Forum Moderators: open

Message Too Old, No Replies

Private prefetch proxy in Chrome

These are the hits from fetch.tunnel.googlezip.net?

         

SumGuy

1:41 pm on Oct 16, 2024 (gmt 0)

5+ Year Member Top Contributors Of The Month



Based on the explanation on this page:

[developer.chrome.com...]

"Chrome will sometimes prefetch links on the Google Search results page, and other participating websites, before the user clicks on them. This feature relies on a CONNECT proxy which hides the user's IP address from the website that needs to be prefetched."

I've come across some comments expressing the belief that this was going to be phased out, but the examples I see include user-agent chrome versions up to version 129. These are requests for specific html files and not the file-fingerprint I would see during actual human browsing. I usually see 1 or 2 examples of this per day.

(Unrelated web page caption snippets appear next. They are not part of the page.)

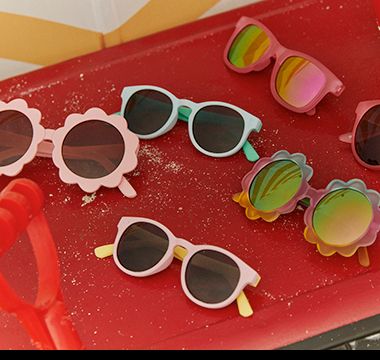 A selection of kids’ sunglasses. Shop boys’ sunglasses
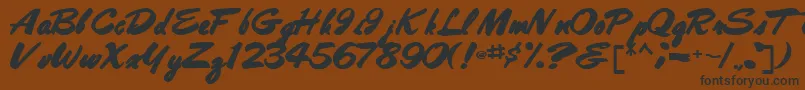 Bestshottext56Bold Font – Black Fonts on Brown Background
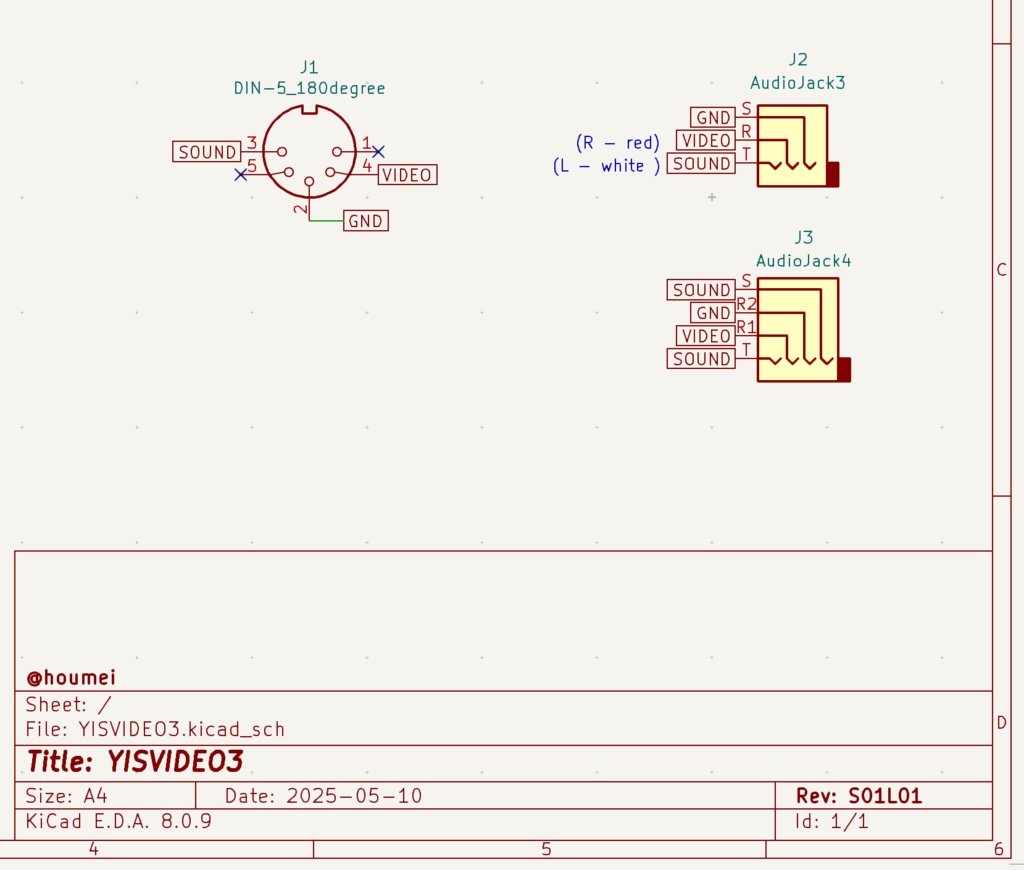 YISVIDEO3 YAMAHA MSX YISシリーズ用ビデオ出力アダプタ【キット】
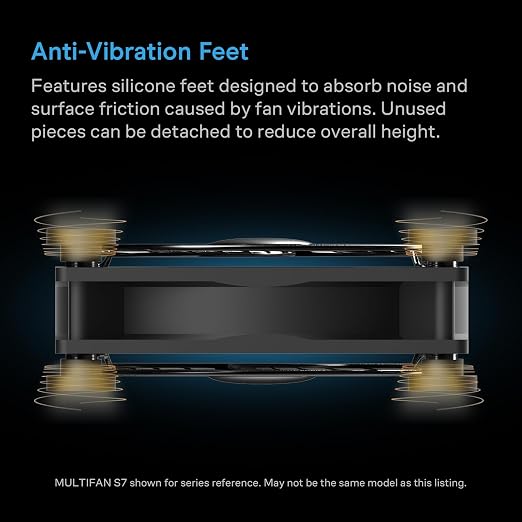 AC Infinity MULTIFAN S1, Quiet 80mm USB Fan, UL-Certified for Receiver DVR PlayStation Xbox Computer Cabinet Cooling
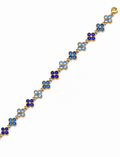 Bracelet Trèfle [Bleu Tricolore Foncé]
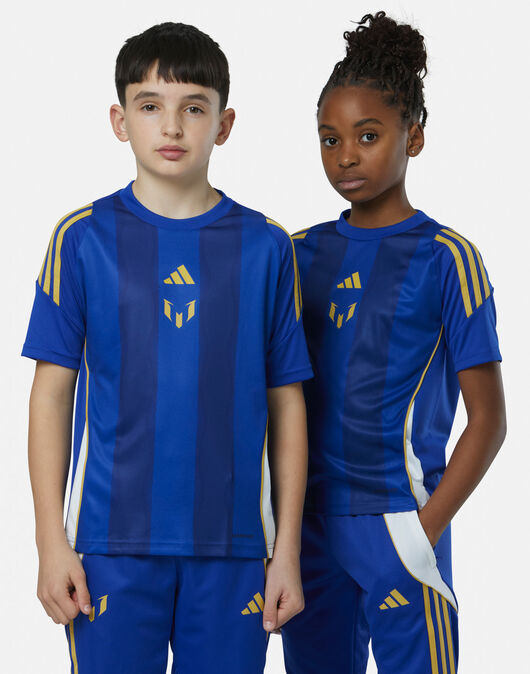 adidas Older Kids Messi Jersey Blue Life Style Sports IE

Starting in early 2021 I began to see hits from 192.186.4.0/24 and 72.14.201.0/24. These come back as (IP).v4.fetch.tunnel.googlezip.net. I think there might be a few other /24 ranges but these two are examples I saw yesterday.

Here's the thing - I don't see any associated actual human browsing happening in conjunction with these hits at the time. Has anyone seen this?

Question 1)

When I see a solitary hit from a googlezip IP, but no actual web browsing (presumably from the actual user IP) shortly after the googlezip hit, should I assume that the user performed a google search, my page showed up in the search results, but the user did not click on the link to my page?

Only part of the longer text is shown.